In the lawsuit, she said workers "were explicitly or implicitly encouraged to continue attending work and prevented from adequately washing their hands or sanitizing their workstations."
The complaint accused Amazon of violating public nuisance and employee safety laws by giving them false information, setting "oppressive and dangerous" hourly quotas, punishing workers who spoke out, and telling them to not inform others if they become infected, Bloomberg reported.
The employees are not seeking financial compensation for their illness or the death of a family member, but rather are primarily asking the court to issue an injunction that would force Amazon to adhere to public health guidelines, according to Bloomberg.
"We are saddened by the tragic impact COVID-19 has had on communities across the globe, including on some Amazon team members and their family and friends," Amazon spokesperson Lisa Levandowski told Business Insider, adding that the company has invested $800 million in safety measures, such as "temperature checks, masks, gloves, enhanced cleaning and sanitization," as well as additional pay and benefits options like unpaid leave.
Amazon said it has always followed guidelines from public health officials and that it complies with all federal and state laws concerning public health.
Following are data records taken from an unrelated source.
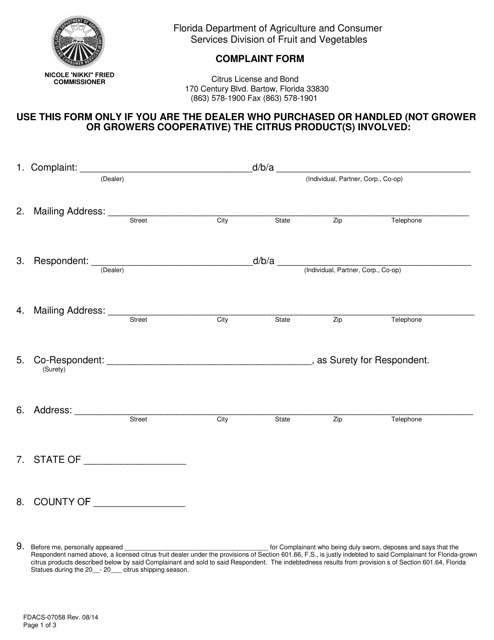 Form FDACS-07058 Complaint Form - Florida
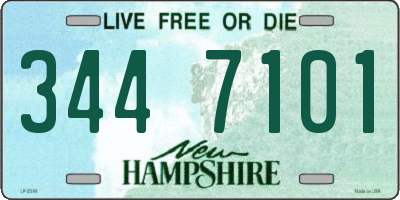NH license plate 3447101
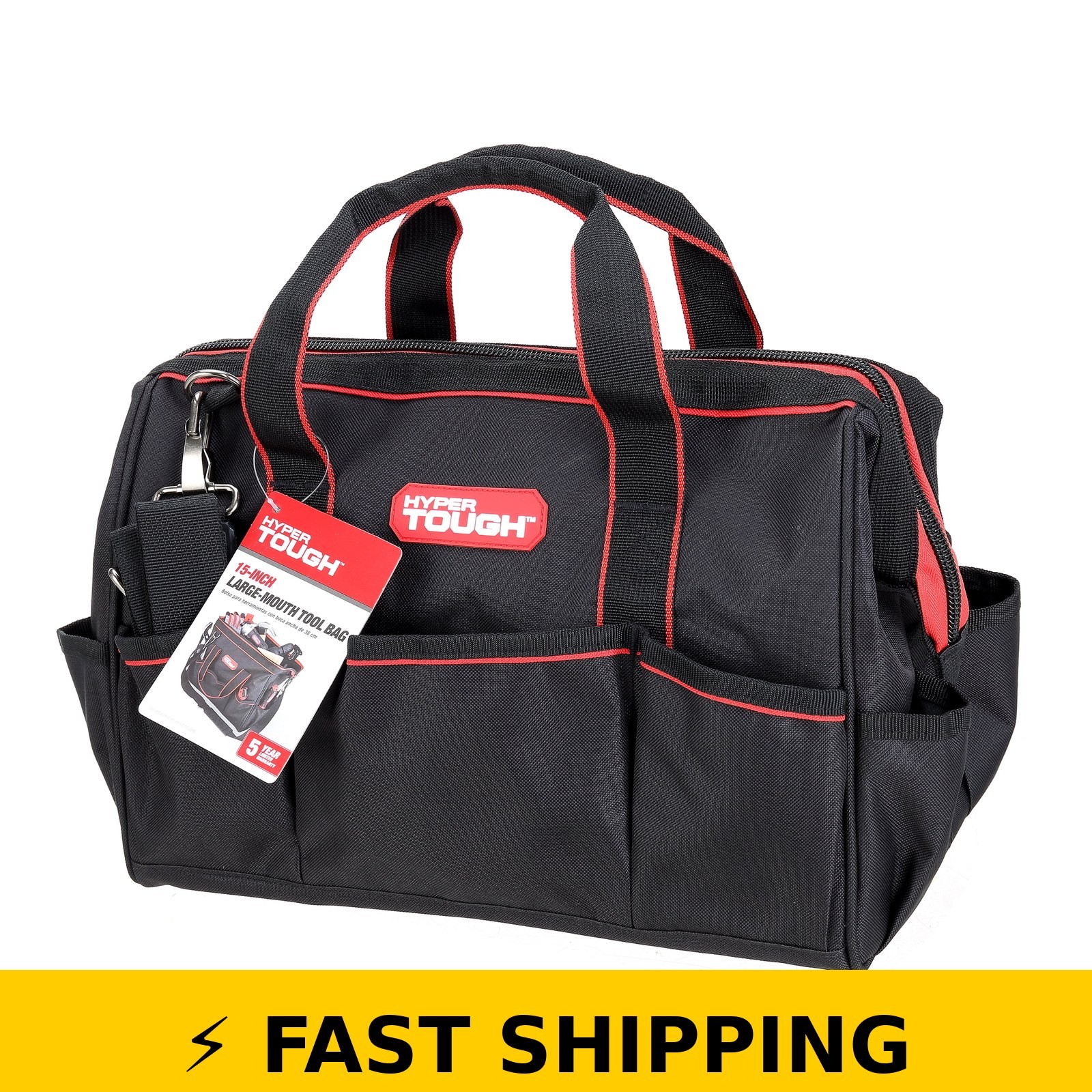 Hyper Tough 15″ Large Mouth Tool Bag
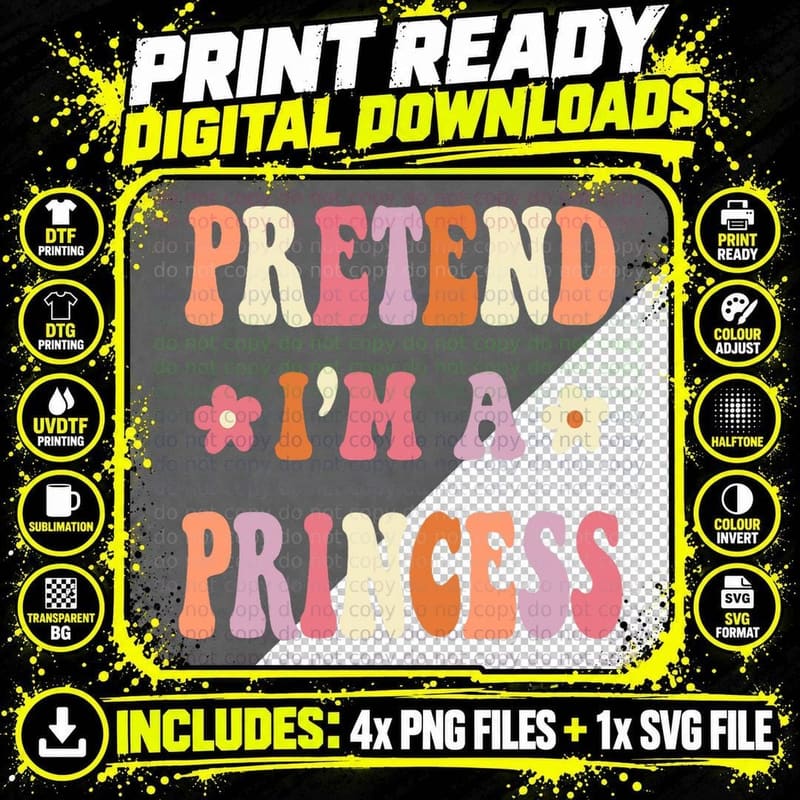 Retro Groovy Halloween Costume, Pretend I'm a Princess Png SVG Digital Bundle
Amazon has come under increasing scrutiny from employees, lawmakers, and regulators for working conditions at its warehouses during the pandemic, as well as its alleged retaliation against whistleblowers and its lack of transparency around cases at its warehouses.
The virus has killed at least eight of its employees, according to NBC News, and may have infected as many as 1,500, according to a crowdsourced tally kept by one worker.
Employees at the Staten Island facility, in particular, have been vocal in calling out what they perceive as inadequate health and safety measures, and staged protests in April and again May — along with workers from Amazon-owned Whole Foods as well as other grocery and retail companies.
The company fired Christian Smalls after he helped organize the April walkout, prompting an investigation from New York City's civil rights commission as well as inquiries from the state's attorney general, the National Labor Relations Board, and lawmakers into whether Amazon violated workplace safety rules or illegally retaliated against whistleblowers.
Amazon previously told Business Insider that it has made more than 150 changes to its warehouse procedures and claimed that infection rates at its Staten Island facility are lower than in the community generally (though it did not provide any evidence to support that claim). It has also said it respects the right of workers to protest.